(Data provided begins)

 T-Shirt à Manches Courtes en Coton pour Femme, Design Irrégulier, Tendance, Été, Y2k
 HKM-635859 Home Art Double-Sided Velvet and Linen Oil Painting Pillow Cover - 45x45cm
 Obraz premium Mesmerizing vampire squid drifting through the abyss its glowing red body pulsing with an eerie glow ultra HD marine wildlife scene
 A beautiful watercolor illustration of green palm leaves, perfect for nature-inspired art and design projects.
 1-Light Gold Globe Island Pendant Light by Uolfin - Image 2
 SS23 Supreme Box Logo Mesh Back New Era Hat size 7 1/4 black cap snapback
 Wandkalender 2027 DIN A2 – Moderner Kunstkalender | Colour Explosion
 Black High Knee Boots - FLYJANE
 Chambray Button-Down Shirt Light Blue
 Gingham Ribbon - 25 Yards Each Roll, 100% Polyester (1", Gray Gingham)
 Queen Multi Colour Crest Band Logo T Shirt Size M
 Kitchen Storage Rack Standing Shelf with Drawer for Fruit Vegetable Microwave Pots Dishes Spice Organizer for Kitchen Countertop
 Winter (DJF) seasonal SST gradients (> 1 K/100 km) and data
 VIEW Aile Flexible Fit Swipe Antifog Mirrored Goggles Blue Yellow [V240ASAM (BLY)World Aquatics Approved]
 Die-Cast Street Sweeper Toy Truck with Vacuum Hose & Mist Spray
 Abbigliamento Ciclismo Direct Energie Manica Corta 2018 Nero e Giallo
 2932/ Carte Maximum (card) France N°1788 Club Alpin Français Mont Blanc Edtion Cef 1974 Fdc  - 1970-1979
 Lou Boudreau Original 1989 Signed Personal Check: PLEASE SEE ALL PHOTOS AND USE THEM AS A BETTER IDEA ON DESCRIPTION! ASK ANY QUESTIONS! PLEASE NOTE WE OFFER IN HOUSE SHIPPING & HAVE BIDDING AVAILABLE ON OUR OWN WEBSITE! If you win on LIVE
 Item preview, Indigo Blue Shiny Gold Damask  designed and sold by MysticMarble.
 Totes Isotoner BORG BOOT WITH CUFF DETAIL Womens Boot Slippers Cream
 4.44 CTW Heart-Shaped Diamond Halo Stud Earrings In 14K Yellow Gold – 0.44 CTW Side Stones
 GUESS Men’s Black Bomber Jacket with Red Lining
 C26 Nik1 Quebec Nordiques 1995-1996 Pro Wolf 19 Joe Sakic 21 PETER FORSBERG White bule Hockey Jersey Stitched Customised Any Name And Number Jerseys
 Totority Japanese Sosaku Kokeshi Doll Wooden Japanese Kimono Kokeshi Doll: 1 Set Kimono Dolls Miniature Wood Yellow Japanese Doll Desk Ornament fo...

(Data provided ends)

* [Activity]
Every line of the material that includes the word "Light" needs to be copied.

* [Solved exercise]
 1-Light Gold Globe Island Pendant Light by Uolfin - Image 2
 Chambray Button-Down Shirt Light Blue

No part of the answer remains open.